Another prolific commentator on Le Corbusier, Charles Correa (who I will return to in a later post) has reflected on the architect's legacy, particularly in India. 'Especially in his buildings in India', writes Correa, 'Corb has become more and more absorbed in his visual language; and however masterful this language may become, it is still only one aspect of any great architecture.' After referring to the Secretariat in Chandigarh as 'a magnificent façade, like a stage set,' Correa asks, 'Did not the earlier Corb promise something less skin-deep, something more conceptual?'
  
Cohen's presentation at the Getty Institute (itself a summary of his introduction to the new 2007 translation published by Getty, with the 'New' erased from the title) reveals how 'Corb' was in fact absorbed in the formulation of his own visual language even in these early formative years of his career. Vers une Architecture is, Cohen explains, even something of a rumination on his insecurities and failures as an architect and businessman up until this point. The publication of this collection of essays would change Le Corbusier's circumstances dramatically; in effect it would prove to be a unique marketing tool for him.
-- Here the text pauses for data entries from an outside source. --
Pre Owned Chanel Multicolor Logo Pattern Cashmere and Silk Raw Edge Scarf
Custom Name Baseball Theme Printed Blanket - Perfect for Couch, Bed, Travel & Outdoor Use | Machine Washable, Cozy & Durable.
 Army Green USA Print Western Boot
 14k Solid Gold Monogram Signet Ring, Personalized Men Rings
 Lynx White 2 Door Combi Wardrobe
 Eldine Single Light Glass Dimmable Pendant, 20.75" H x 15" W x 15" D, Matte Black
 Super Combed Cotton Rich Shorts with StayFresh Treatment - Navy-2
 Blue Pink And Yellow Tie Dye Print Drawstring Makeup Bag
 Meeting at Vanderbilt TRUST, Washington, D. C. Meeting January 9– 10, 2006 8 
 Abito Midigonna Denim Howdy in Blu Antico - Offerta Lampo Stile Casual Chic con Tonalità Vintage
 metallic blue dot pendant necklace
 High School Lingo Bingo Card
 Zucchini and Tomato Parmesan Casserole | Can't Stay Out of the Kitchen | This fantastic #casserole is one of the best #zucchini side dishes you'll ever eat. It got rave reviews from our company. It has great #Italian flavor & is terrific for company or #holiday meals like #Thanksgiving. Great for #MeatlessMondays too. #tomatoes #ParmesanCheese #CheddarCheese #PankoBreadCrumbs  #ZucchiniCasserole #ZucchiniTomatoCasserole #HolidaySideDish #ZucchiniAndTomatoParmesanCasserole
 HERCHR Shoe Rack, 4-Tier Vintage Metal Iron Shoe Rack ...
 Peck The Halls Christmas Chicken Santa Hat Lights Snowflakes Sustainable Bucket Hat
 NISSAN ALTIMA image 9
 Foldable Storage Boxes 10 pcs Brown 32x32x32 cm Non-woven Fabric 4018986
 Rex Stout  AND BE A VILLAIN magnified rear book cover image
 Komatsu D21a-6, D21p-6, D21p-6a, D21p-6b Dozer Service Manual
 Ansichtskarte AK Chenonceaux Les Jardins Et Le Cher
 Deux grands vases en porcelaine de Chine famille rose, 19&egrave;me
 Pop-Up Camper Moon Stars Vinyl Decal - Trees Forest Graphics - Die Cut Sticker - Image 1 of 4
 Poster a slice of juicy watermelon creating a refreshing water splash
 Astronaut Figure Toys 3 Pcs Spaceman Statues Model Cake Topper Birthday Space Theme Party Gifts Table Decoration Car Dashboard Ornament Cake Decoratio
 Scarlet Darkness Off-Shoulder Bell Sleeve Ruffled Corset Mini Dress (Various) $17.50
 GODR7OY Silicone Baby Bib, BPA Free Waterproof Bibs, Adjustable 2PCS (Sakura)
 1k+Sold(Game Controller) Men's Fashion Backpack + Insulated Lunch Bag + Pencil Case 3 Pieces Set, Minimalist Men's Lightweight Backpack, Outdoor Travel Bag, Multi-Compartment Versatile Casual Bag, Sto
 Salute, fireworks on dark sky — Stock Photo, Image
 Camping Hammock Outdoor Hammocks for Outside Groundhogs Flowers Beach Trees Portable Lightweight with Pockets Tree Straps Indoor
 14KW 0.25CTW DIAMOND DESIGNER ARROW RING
Cohen concludes with some comments on the book's legacy and the problems of translation. He refers to Edwin Lutyen's response to Towards a New Architecture (another European architect prolific in India's cities, having been responsible for the development of New Delhi). In what was published as 'The Robotism of Architecture', Lutyens remarks that the buildings seemingly promised by Le Corbusier here can only be made for robots: 'robots without eyes – for eyes that have no vision cannot be educated to see.' Cohen chalks this scathing review up to the English translation, which was a 'complete betrayal of Le Corbusier's intentions.' But Lutyen's remarks seem to be also punning on Le Corbusier's description in the book (after Mallarmé) of 'eyes that do not see ... airplanes'

There appear to be two arguments: on the one hand (with Lutyens) the new architecture has lumbered us with eyes that have no vision, whereas on the other (Le Corbusier) our eyes are simply 'not yet able to discern' the style of an era as such that is so fixed in the present moment.